Borusan Kocabıyık Vakfı tarafından Cumhuriyetimizin 100. yılı sebebiyle düzenlenmiş olan “Cumhuriyetin Yüzü” sergisi, bu ülkenin nereden nereye nasıl geldiğini, kültür devriminin izlerini taşıyan zengin ve anlamlı bir sergi olarak belleklerde yer etmişti. Bugün, Cumhuriyetimizin ikinci yüzyılına adım attığımız 29 Ekim 2024’te, bu anlamlı serginin devamı niteliğinde olan ve İzzeddin Çalışlar’ın editörlüğünde hazırlanmış bulunan kapsamlı bir kitapla buluşuyoruz.
Zengin içeriği ile Mustafa Kemal Atatürk’ün 1932 yılında ettiği şu sözlere sanki bir göndermedir “Cumhuriyetin Yüzü: Kültür Devriminden İzler” adlı bu kitap… Onun hafızalara kazınmış olması gereken sözlerini bir kez daha paylaşma günüdür bugün kanımca: “İlim ve fen teşebbüslerin merkezi, uygulamaları ise mekteptir. Mektebin vereceği ilim ve fen sayesindedir ki Türk ulusu, Türk sanatı, iktisadiyatı, Türk şiir ve edebiyatı, bütün mükemmel ve yeni şeyler ile inkişaf eder. Bu hayat ancak ilim ve fen ile olur. İlim ve fen nerede ise oradan alacağız ve her ulus ferdinin kafasına koyacağız.”

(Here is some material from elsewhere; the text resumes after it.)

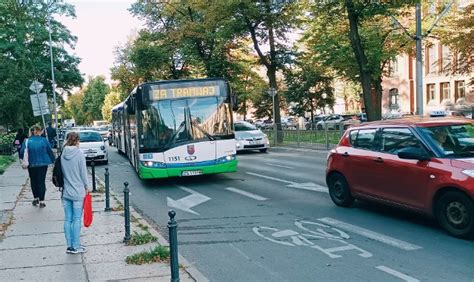 Awaria Tramwaju Nr Kursuje Komunikacja Zast Pcza G Os Szczeci Ski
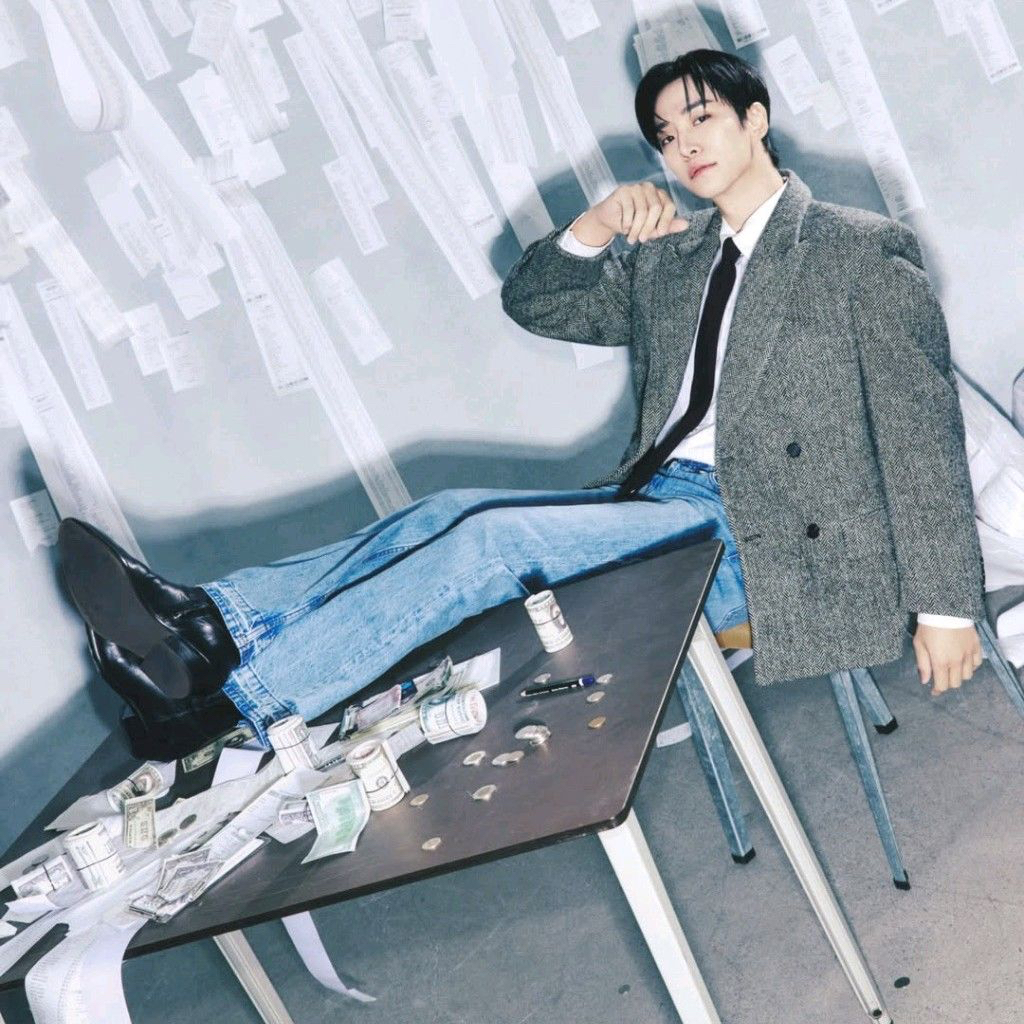 Foto kegiatan terbaru dari Lee Junho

Kitabın sayfalarını çevirirken başta Borusan Kocabıyık Vakfı kurucusu ve onursal başkanı merhum Asım Kocabıyık olmak üzere, vakıf başkanı Zeynep Hamedi, genel sekreter Canan Ercan Çelik, sergi tasarımcısı Cem Kozar, kitabın editörü İzzeddin Çalışlar ve de sosyal bilimlerden edebiyata, resme, sinemadan tiyatroya, müzikten mimarlığa, arkeolojiye ve daha pek çok alana yazılarıyla emeği geçenlere teşekkür ediyorum.
VE TİYATRO
Biraz da alanım gereği; öncelikle Gökhan Akçura’nın “Cumhuriyetin İlk Döneminde Tiyatro” yazısı çevresinde dönüyorum. Tiyatro tarihimiz açısından zengin bir çalışma. Modern Türk tiyatrosunun kuruluşunda elbette ki Muhsin Ertuğrul’un ayrı bir yeri olduğunun altı çizilerken Atatürk’ün önerisiyle 1923’te İzmir’de Palas sinemasında (sonradan Tayyare sineması olmuş) yasal olarak sahneye çıkan ilk Müslüman Türk kadını Bedia Muvahhit’i anıyoruz. Bedia Hanım’ın, İbnürrefik Ahmet Nuri’nin “Ceza Kanunu” ile sahneye çıkışı kadına dair din odaklı anlamsız bir yasağı yıkacaktır. Modern tiyatromuzun oluşumunda önemli satırbaşlarından biridir bu olay…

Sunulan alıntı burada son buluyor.